Never mind. This is ridiculous... Did you just call Tony Parker a really really fast pg "who only sort of knows how to play basketball?" Really, guy. That's the dumbest thing you've ever written.

 
At 5/16/2008 2:32 AM, Blogger Brian Burke said...

You guys used to respond to the situation at hand and analyze on the fly. Now it seems like you're so concerned with your own narrative, that you automatically discredit what actually happens if it doesn't match up with FD philosophy. Like the John Hollinger of concepts. Quit that shit, please. What happened?

 
At 5/16/2008 3:59 AM, Blogger Kaifa said...

Re Paul/Chandler alley-oop: Only a small observation but strengthening your point.

In game 3 against the Spurs Paul started from the left side of the court, got a pick and went into the paint straight from the top. As soon as Duncan made a move towards him to deny the lay-up, Paul actually faked the alley-oop to Chandler and immediately froze Duncan with it. I know that this probably has been done before, but institutionalizing the alley-oop as the first option so that you can fake it and having the simple lay-up as the second option is still impressive. Video at roughly the 1:30 mark:

http://www.youtube.com/watch?v=maE6UOzLiAo

 
At 5/16/2008 5:23 AM, Blogger dan said...

Off topic:

I'm going to be spending a night in "Gunspoint" in Houston. Aside from Shoals' intense hatred of the city, I also recall that some of you live there. Anyone want to meet up and watch tomorrow's (Friday) games?

Doc

 
At 5/16/2008 10:12 AM, Blogger Sweat of Ewing said...

Uh, Brian Burke, Tony Parker at any given moment can pass to Ginobili, Udoka, Bowen, Finley, or Barry.
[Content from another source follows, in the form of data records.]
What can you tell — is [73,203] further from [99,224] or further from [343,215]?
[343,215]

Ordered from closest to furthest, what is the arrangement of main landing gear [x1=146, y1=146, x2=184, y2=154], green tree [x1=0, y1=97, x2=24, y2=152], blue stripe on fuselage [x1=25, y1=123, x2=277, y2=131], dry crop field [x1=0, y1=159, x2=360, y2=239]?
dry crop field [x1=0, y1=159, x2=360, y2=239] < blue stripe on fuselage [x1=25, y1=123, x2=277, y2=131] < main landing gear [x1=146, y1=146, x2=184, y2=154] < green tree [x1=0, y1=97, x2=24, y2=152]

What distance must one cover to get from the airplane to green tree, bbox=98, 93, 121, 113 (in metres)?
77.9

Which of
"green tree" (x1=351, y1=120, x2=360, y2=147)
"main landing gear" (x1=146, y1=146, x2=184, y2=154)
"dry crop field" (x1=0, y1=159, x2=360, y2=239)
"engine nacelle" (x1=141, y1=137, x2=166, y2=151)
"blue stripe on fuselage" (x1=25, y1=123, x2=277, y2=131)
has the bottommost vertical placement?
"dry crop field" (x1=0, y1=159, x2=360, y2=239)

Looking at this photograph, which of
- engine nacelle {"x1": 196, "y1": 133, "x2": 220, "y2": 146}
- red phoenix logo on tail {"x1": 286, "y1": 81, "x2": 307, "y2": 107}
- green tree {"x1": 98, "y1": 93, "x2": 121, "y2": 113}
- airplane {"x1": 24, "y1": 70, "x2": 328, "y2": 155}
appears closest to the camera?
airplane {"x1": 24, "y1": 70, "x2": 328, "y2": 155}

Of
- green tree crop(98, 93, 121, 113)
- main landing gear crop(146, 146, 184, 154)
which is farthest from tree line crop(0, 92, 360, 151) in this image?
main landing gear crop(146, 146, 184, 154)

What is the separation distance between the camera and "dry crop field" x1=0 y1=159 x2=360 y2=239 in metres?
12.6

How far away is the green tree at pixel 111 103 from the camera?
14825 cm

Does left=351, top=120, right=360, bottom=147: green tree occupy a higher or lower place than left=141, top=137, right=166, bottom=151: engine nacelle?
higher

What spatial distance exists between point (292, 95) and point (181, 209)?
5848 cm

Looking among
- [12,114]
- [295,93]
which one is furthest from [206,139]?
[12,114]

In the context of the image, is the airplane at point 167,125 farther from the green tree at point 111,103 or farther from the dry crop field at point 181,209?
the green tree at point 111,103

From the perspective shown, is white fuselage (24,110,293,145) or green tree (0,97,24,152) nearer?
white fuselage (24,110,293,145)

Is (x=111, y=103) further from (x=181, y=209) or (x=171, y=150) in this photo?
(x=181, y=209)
Oberto, Thomas, and Duncan are pretty much the only guys on that team who aren't threats to hit the three-pointer (and after that Phoenix series maybe Duncan should be reconsidered). Rondo can pass to Garnett (for a long 2), Pierce, RayRay, or House. I don't think Parker is exactly working with a group of stone handed mongoloids when it comes to the catch and shoot, at least not compared to Rondo.

And the way I've always interpreted Tony Parker as a "really fast guy who only sort of knows how to play basketball" is this: every time that I watch Parker make a tough play I'm left with that "how the hell did he do that?" feeling, but it never seems to stem from any kind of supreme athletic ability (which he clearly has) coupled with rigorous practice and crystallization of basketball skill. The two are disjoint. Parker is so incredibly quick that you can't stop him from getting to the basket, AND THEN he sneaks up some kind of pithy teardrop or scoop. The drive and the basket are never fused in the same way they are for Lebron or even Joe Johnson, who combine the motion towards the basket with the play itself. Parker is disjoint in this weird way that I can never fully enjoy; hence, "incredibly fast", "doesn't really know how to play basketball."

 
At 5/16/2008 10:40 AM, Blogger ~CW~ said...
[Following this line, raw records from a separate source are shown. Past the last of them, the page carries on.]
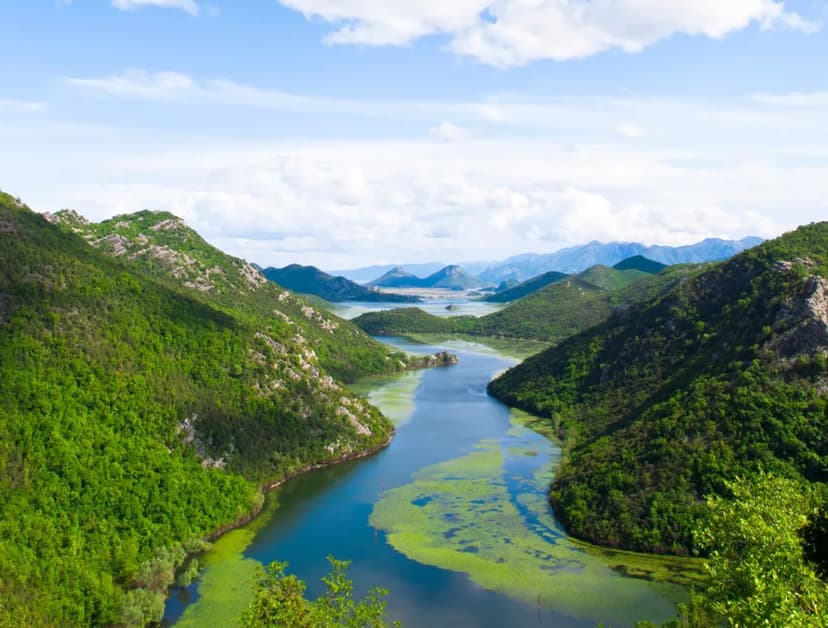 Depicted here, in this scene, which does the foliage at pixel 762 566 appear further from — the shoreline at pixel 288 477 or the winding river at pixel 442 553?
the shoreline at pixel 288 477

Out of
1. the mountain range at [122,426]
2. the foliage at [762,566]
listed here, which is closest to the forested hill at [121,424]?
the mountain range at [122,426]

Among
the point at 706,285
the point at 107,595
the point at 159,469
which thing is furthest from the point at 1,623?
the point at 706,285

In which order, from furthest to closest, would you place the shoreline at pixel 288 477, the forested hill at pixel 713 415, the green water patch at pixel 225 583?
1. the shoreline at pixel 288 477
2. the forested hill at pixel 713 415
3. the green water patch at pixel 225 583

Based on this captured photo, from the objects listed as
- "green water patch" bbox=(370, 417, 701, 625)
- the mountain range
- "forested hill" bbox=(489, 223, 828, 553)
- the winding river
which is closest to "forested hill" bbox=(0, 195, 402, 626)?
the mountain range

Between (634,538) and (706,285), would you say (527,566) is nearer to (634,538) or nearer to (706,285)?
(634,538)

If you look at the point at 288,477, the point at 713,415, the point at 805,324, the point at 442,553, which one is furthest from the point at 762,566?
the point at 288,477

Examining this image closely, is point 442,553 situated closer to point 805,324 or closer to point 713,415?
point 713,415

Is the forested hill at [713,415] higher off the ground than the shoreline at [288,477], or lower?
higher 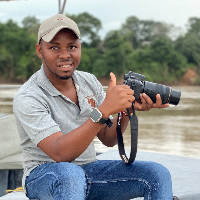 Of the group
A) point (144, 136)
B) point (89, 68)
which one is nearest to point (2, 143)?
point (144, 136)

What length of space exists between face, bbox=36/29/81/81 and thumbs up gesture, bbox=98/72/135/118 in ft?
0.60

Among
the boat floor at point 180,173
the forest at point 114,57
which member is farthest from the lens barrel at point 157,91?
the forest at point 114,57

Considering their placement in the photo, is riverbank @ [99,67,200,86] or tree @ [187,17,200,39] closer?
riverbank @ [99,67,200,86]

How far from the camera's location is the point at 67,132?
125cm

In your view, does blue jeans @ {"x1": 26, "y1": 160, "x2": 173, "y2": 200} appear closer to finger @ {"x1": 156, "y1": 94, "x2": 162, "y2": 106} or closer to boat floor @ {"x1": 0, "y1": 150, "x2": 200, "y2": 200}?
finger @ {"x1": 156, "y1": 94, "x2": 162, "y2": 106}

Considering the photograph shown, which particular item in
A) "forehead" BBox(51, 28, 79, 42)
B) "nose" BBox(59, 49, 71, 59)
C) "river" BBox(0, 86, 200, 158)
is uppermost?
"forehead" BBox(51, 28, 79, 42)

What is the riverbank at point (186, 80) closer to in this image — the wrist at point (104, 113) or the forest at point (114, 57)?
the forest at point (114, 57)

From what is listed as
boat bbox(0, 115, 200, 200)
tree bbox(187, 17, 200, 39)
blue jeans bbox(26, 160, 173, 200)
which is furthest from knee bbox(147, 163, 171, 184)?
tree bbox(187, 17, 200, 39)

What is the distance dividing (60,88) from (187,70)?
2622 centimetres

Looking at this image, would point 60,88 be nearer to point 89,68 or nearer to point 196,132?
point 196,132

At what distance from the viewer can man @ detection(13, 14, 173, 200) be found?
3.66 feet

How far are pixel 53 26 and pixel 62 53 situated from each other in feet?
0.30

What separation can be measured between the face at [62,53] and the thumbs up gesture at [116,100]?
7.2 inches

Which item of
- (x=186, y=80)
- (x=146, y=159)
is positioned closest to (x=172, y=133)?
(x=146, y=159) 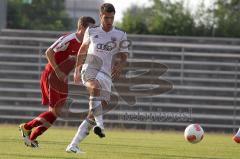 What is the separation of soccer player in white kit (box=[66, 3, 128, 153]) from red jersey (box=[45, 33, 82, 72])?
2.44 feet

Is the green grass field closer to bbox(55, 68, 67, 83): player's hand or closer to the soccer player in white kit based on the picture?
the soccer player in white kit

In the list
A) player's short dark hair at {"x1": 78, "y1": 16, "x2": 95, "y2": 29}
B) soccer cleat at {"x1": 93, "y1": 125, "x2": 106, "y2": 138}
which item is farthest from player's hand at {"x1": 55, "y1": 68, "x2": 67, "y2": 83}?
soccer cleat at {"x1": 93, "y1": 125, "x2": 106, "y2": 138}

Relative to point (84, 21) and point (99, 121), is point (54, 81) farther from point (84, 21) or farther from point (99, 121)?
point (99, 121)

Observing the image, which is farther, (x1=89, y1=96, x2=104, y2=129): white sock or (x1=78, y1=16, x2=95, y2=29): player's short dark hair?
(x1=78, y1=16, x2=95, y2=29): player's short dark hair

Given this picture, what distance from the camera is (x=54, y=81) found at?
13.5m

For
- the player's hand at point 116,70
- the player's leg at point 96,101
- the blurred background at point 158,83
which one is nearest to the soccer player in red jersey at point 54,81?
the player's hand at point 116,70

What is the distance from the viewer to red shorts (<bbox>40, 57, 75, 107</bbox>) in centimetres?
1312

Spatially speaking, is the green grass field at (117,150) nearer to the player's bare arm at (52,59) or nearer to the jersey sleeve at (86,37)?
the player's bare arm at (52,59)

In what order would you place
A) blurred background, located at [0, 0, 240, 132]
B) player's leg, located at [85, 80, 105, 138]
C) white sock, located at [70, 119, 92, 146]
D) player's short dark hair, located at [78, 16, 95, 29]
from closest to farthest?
1. player's leg, located at [85, 80, 105, 138]
2. white sock, located at [70, 119, 92, 146]
3. player's short dark hair, located at [78, 16, 95, 29]
4. blurred background, located at [0, 0, 240, 132]

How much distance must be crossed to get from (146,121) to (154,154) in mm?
10299

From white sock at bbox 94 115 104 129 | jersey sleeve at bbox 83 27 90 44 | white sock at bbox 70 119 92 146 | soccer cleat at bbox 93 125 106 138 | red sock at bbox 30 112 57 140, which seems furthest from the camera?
red sock at bbox 30 112 57 140

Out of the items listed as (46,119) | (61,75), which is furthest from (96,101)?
(61,75)

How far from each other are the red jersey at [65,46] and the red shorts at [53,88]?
27 centimetres

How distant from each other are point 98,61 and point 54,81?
1.44 metres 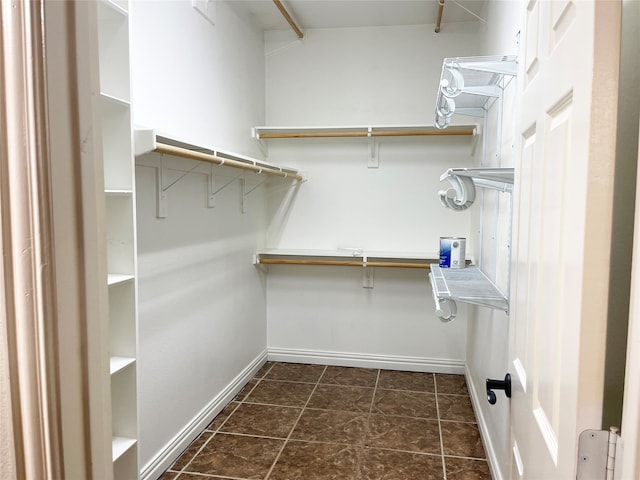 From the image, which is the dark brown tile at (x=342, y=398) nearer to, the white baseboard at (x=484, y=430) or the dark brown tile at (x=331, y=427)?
the dark brown tile at (x=331, y=427)

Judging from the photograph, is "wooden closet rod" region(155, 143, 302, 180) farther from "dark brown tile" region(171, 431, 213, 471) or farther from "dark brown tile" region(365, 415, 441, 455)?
"dark brown tile" region(365, 415, 441, 455)

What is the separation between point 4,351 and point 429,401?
2.82m

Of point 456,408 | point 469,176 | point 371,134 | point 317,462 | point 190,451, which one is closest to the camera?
point 469,176

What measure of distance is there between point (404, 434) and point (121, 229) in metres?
1.88

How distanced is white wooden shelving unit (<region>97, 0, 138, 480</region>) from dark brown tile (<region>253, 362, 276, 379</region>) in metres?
1.81

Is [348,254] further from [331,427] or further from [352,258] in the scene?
[331,427]

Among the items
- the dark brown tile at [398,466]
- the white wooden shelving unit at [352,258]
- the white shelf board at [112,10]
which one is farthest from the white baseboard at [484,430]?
the white shelf board at [112,10]

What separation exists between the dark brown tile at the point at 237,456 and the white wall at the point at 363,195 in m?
1.25

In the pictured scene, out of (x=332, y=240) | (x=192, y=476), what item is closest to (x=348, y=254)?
(x=332, y=240)

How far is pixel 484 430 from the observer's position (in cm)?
241

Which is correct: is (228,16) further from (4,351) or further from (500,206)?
(4,351)

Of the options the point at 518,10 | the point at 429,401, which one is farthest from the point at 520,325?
the point at 429,401

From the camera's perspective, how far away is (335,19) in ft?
10.8

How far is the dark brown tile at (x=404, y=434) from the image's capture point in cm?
241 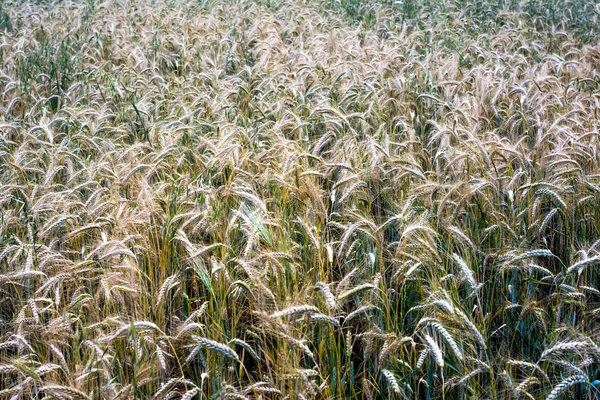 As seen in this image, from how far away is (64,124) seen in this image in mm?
4535

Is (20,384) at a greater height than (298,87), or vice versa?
(298,87)

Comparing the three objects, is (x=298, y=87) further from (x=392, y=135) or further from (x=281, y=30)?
(x=281, y=30)

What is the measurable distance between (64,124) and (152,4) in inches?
198

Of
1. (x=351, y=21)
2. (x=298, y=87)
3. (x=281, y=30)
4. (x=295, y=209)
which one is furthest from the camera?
(x=351, y=21)

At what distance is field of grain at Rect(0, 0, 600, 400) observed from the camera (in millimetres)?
2316

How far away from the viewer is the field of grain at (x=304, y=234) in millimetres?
2316

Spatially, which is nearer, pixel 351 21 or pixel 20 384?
pixel 20 384

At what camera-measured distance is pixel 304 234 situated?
9.77 ft

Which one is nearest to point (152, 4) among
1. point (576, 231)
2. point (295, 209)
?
point (295, 209)

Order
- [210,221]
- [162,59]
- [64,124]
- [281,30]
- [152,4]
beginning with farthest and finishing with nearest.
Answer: [152,4] < [281,30] < [162,59] < [64,124] < [210,221]

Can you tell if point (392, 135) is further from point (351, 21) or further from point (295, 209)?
point (351, 21)

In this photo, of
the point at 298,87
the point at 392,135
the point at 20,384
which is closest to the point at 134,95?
the point at 298,87

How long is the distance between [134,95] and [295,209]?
239 cm

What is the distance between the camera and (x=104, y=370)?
2.24 meters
I don't think Tony Parker has been double-teamed more than a handful of times his entire career, and because of that freedom he's able to look quite prolific when he should be doing that considering the defensive situation. Parker will never draw two defenders anywhere outside the paint if Duncan and/or Manu is on the floor.

 
At 5/16/2008 11:49 AM, Blogger morgenstern said...

I think Rondo's gonna be a really good player, he lacks a bit of flash in his game so he probably wasn't hyped much coming into the lig but he's played great this season.
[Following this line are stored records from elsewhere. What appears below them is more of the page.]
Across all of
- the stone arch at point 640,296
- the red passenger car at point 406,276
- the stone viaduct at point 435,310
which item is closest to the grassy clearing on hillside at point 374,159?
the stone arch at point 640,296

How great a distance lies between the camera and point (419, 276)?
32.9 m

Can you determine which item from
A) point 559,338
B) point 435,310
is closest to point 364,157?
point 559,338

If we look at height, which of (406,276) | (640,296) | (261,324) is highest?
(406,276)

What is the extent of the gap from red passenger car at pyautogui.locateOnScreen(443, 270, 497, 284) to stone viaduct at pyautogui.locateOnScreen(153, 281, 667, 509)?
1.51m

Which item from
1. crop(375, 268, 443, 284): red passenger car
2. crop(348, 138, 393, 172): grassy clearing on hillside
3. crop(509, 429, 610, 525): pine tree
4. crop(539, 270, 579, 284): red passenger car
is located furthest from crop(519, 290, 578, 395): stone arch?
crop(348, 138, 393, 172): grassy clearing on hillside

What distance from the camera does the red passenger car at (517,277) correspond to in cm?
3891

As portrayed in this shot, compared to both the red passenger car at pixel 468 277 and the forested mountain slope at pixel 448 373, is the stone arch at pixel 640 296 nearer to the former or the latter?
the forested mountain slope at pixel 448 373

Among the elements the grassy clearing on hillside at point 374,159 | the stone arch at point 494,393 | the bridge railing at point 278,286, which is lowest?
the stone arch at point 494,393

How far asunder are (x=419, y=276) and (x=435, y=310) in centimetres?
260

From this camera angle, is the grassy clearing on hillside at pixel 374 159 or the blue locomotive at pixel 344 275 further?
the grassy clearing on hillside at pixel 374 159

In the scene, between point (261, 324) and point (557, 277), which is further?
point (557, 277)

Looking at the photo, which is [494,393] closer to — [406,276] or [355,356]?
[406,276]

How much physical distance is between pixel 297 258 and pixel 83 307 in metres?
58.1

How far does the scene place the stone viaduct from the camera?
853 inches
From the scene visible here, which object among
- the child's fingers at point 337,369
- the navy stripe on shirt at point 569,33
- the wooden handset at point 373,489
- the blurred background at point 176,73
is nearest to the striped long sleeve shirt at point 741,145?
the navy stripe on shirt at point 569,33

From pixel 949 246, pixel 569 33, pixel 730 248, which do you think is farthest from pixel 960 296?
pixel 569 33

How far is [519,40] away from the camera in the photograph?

Tony Parker is a really complex player to judge. It's true that his play looks a bit unorthodox at times, like when he beats everybody darting into the lane and the stops abruptly, killing momentum and taking those weird shots froma a couple of feet away without jumping , but there's talent in that, great touch and some sort of spiderman sense for avoiding trouble spots in the paint.

Seriously, Parker scores in the paint like nobody i've ever seen. Don't you ever roll your eyes when he drives all the way, goes dribbling under the hoop to the other side, takes a couple of steps away from the basket and then scores?

 
At 5/16/2008 2:00 PM, Blogger MisusedConfusedStrungOutAndWorse said...

sml -

Real good points. I do value the 16 rebounds more, but I also understand and agree with your "who expects Rondo to drop 20 and 13". Based on that, I'd be inclined to agree with you that Rondo was the best player on the court - not named KG.